IBM Edge 2015 kicked off this morning with an overview of the technology behind the new IBM z13 mainframe courtesy of Charles Webb, an IBM Fellow in the z Systems development group. Before starting, he gave the audience some insight into the naming behind the platform.
According to Charles, many people have asked why IBM would give the “unlucky” 13 designation to the most advanced mainframe technology ever released. He explained that the z13 marks the 13th generation of the CMOS mainframe, and given all of the predictions of the mainframes death over the past 30 years, they decided not to worry about superstition.

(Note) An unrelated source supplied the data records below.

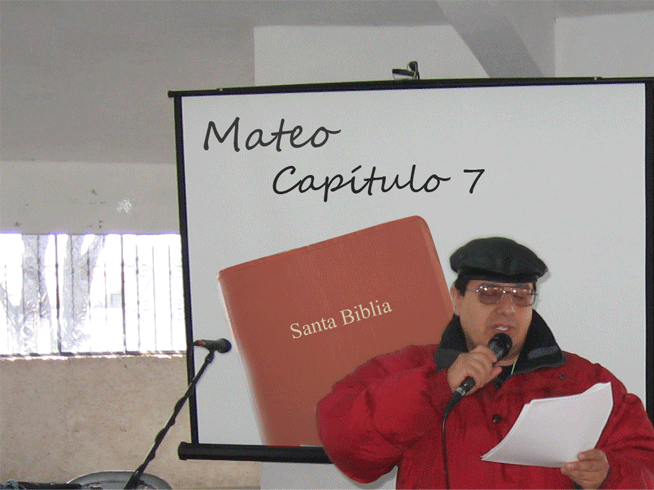Biblia Mateo Capitulo 7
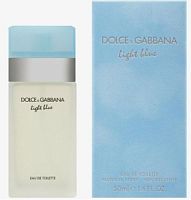 DOLCE & GABBANA Light Blue 50 ml edt wom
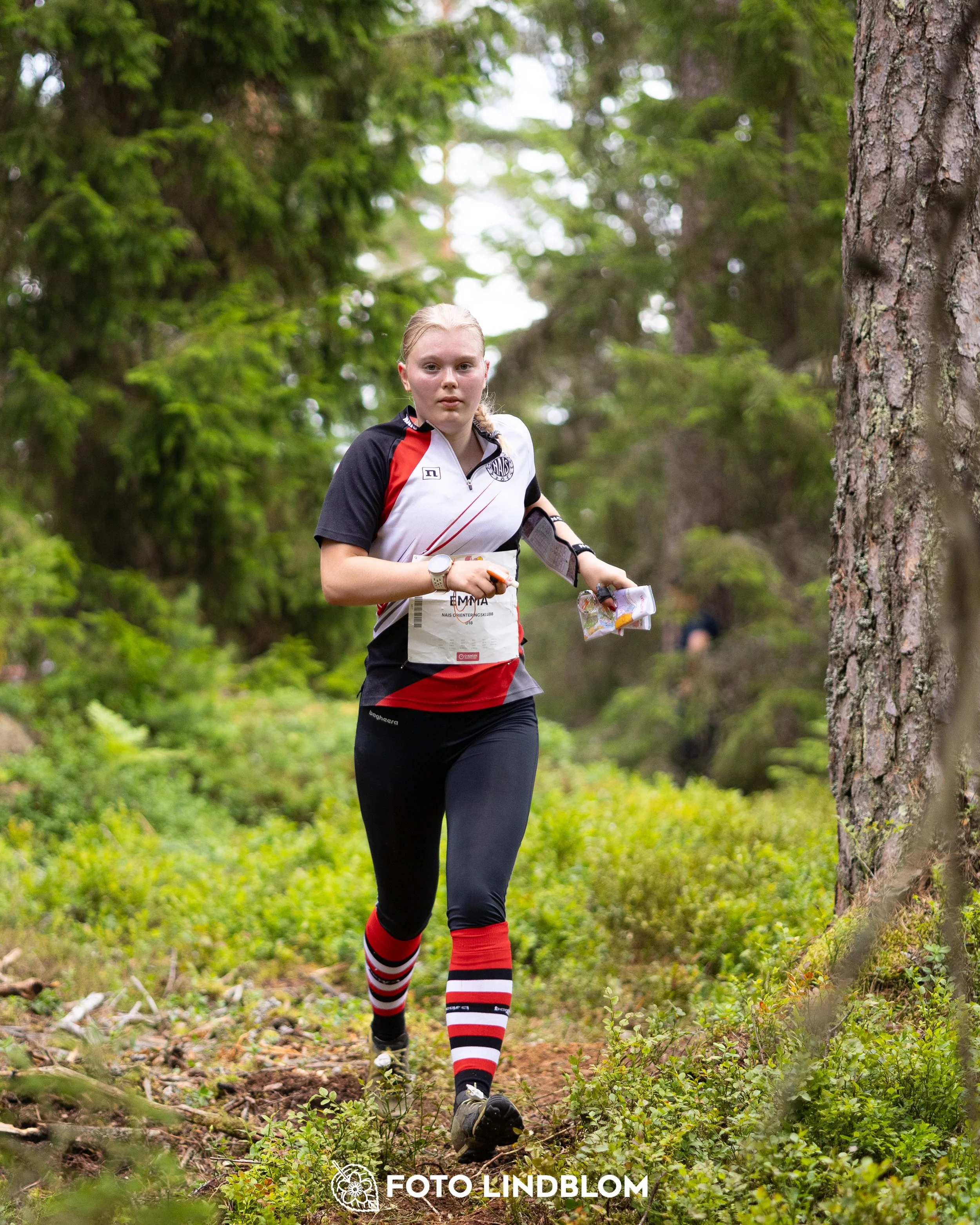 A picture from the second stage of Oringen 2025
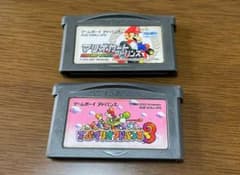 スーパーマリオアドバンス3・マリオカートアドバンス まとめ売りのサムネイル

The IBM z13 8-core processor chip includes a staggering 3.99 billion transistors and 13.7 miles of copper wire. But despite that, Charles explained that as Moore’s Law slows down, simply trying to develop faster chips doesn’t provide the amount of increased performance that the IBM team wanted to achieve. Going faster than 5.5GHz also poses problems from power density standpoint; it’s simply too hard to provide enough power to the processor to support their needs.
While much of Charles’ presentation was focused on hardware, he remarked that when it comes to selling mainframes “…we don’t just deliver a bucket of silicon and wires and sheet metal. We have to deliver software applications to go along with it…our R&D groups haven’t given me wires that transmit data faster than the speed of light. They haven’t given me scalable atoms.”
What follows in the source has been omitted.